Following up to my earlier post of 20/02/12 regarding the accelerated erosion on the Lugar in which I made a flippant comment about the Trust needing to pay for a helicopter ride to allow me to view the current situation…..a few weeks ago David Campbell very generously called and offered to take me up in a light aircraft when he next took to the skies! That was an offer I couldn’t refuse and we agreed to pick a clear spring day before the leaves blocked the view. Well today was the day and what a cracker it turned out to be.

After making his pre flight checks, David opened up the throttle and we hurtled along the runway and soon soared above the office at Auchincruive. We headed towards Mauchline over the River Ayr at about 800 feet (not high enough for the parachute to open but low enough for a good view). With the sliding roof drawn back just enough to take photos, I began snapping away wherever I could get a shot.  The river was showing its bare bones and we picked out landmarks such as Gadgirth Viaduct, Stair Bridge and the River Ayr Gorge before flying over Failford and Stairaird where the new windmill stood stationary like a senetinel waiting for a break in the weather.

Looking upstream over Failford to the Dub Pool

The River Ayr Gorge behind Stairaird

Further on, the Water Meetings, Ballochmyle Viaduct and Catrine Dams came and went and we soon reached the Powharnol opencast near Muirkirk where we turned and headed down the Lugar.

Looking downstream, the Lugar (from the bottom left) meets the Ayr upstream of Mauchline STW which are soon to be upgraded.

Catrine Dams where there may soon be major restoration works taking place.


Powharnol Open Cast Coal Mine. Strange colour. Must find out more!




















We reached the erosion on the Lugar; the subject of my earlier post. I’ve posted an image from Google Earth (2004) along with a photo I took today and the difference is incredible. Interestingly, in 2004, the disconnected meander had areas of clear water  but these now appear to have been lost to the sedge and reed canary grass beds that now dominate. Clearly the rate of erosion here at Pennyfadzeoch is having an economic impact on the landowner but the tonnes of soil that have been lost, contributing to diffuse pollution and damaging to the river is worrying. I’ll now arrange a meeting with the owner’s agent in an attempt to make progress here.

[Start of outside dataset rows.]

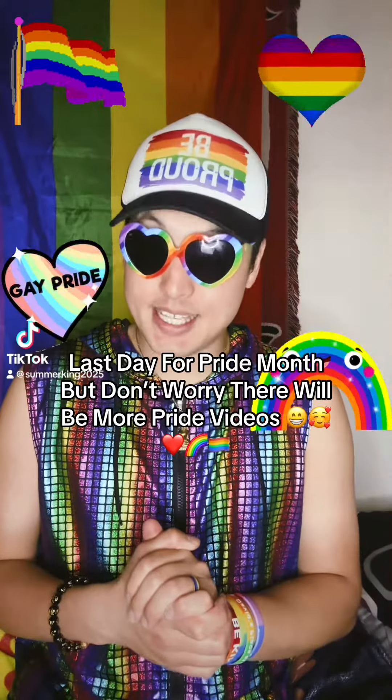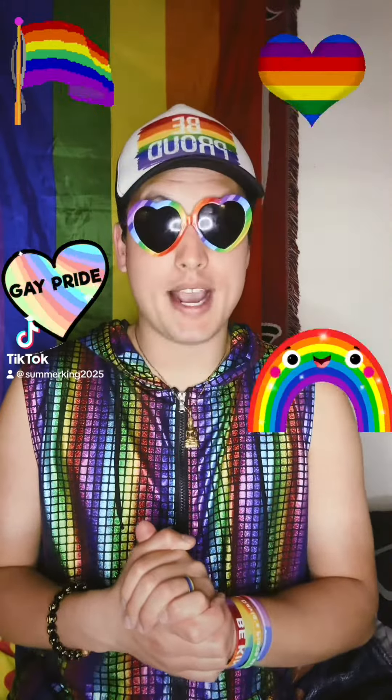Today is the last day for Pride Month, and boy, this year's Pride was awesome. I got to go to my annual Pride event in my city, got to show off my new outfit, and got to do amazing videos with you guys for Pride Month.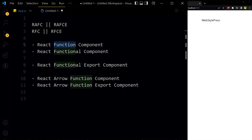Why do we import some components with curly braces and some without? What is the difference between function components and functional components? Why do we use arrow functions — why the fat arrow? So many questions, but after you watch this video you will not be confused and you will be comfortable with these concepts.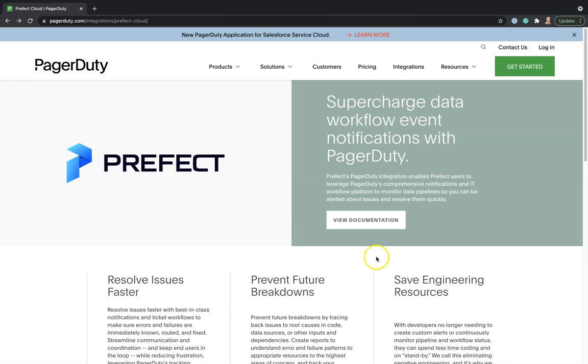To enable this integration, we can view Prefect documentation directly from PagerDuty's integration page.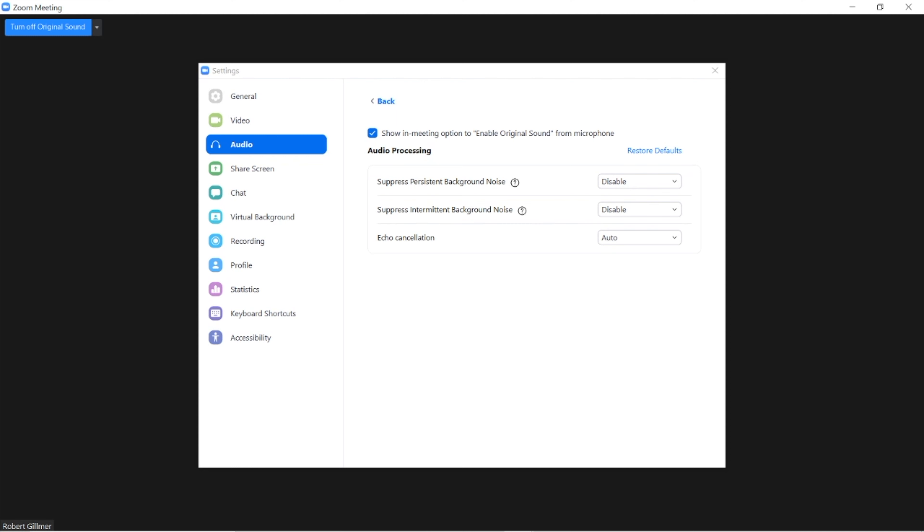This way you get the original sound from the microphone, and Zoom will not adapt or change your sound from where you are. This would go for teachers and for students.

Compare this 2004 image from Google Earth to the one below

From a similar altitude and angle, taken today

We headed across to Dalmellington and the Doon Valley flying over Pennyvennie and the now redundant Chalmerston Coal sites before lining up on the main runway for a smooth landing. I can’t thank David enough for this flight. Apart from being a very enjoyable couple of hours, I noted a few things that I’ll check out further in due course.

Now for this post’s throw away comment……As part of my CPD I think I’ll have to request flying lessons as this would benefit the Trust immensely! Watch this space (but don’t hold your breath).